# Are there any Bluetooth OBD apps for the iphone?



## MarkH (Dec 10, 2006)

Have seen the torque application for android phones and it looks impressive, but it appears that you have to buy a wireless obd dongle and an expensive app for the iphone?


----------



## Jem (Aug 10, 2007)

I've got Torque for my Desite HD and it's brilliant.
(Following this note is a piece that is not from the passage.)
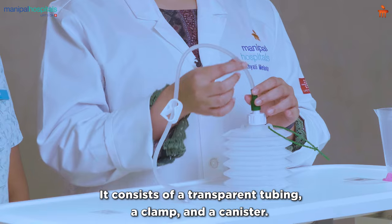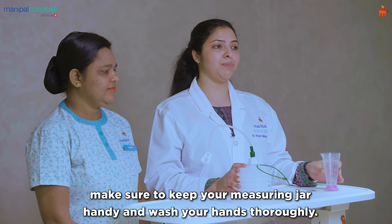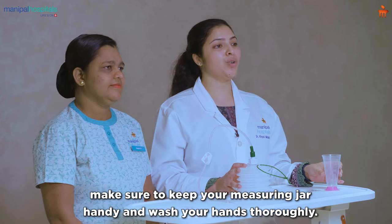This is your drain. It consists of a transparent tubing, a clamp, and a canister. Before you empty your drain, make sure to keep your measuring jar handy and wash your hands thoroughly.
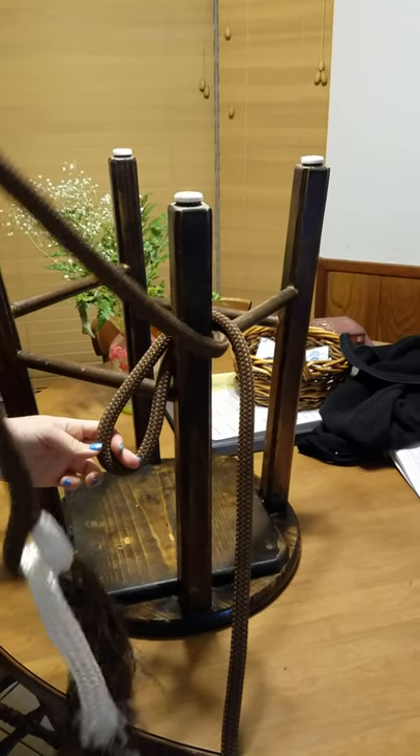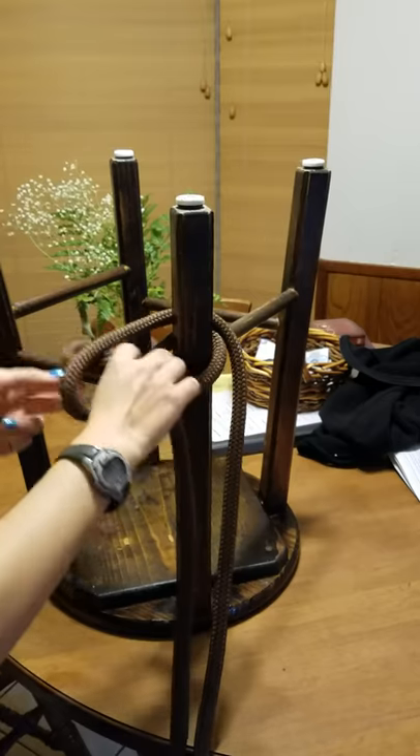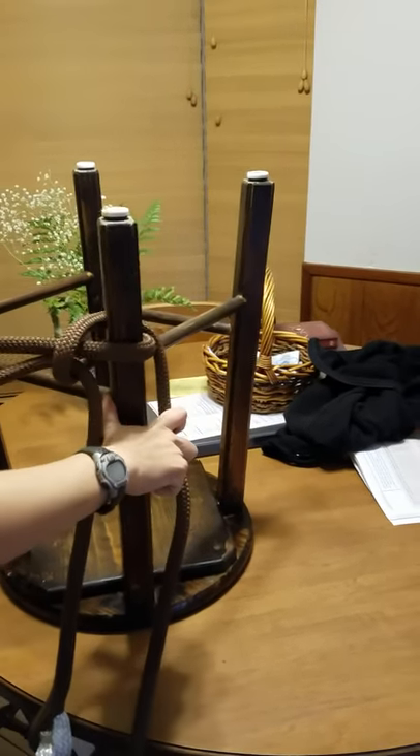Then with the loose hanging rope, you're going to make a loop. Go inside of this loop and pull it tight. You pull this side and this side to make it tight.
You need a bluetooth OBD dongle for any though as the car doesn't have bluetooth as standard.


----------



## MarkH (Dec 10, 2006)

Yeah I have heard it is good, but to get an equivalent on the iphone it needs a wireless obd transmitter and the cheapest is £70 and then I believe the app is £20ish on top of that, I may as well get a htc san francisco for £87, bluetooth obd for £15 and leave my iphone free for sat nav!


----------



## Jem (Aug 10, 2007)

I've got one like this, only £20 delivered, would that not do the job with the iphone?


----------



## MarkH (Dec 10, 2006)

No they work on different bluetooth I believe.


----------



## hibberd (Jul 5, 2006)

is this what you mean as an app?

http://itunes.apple.com/us/app/dashcommand-obd-ii-gauge-dashboards/id321293183?mt=8


----------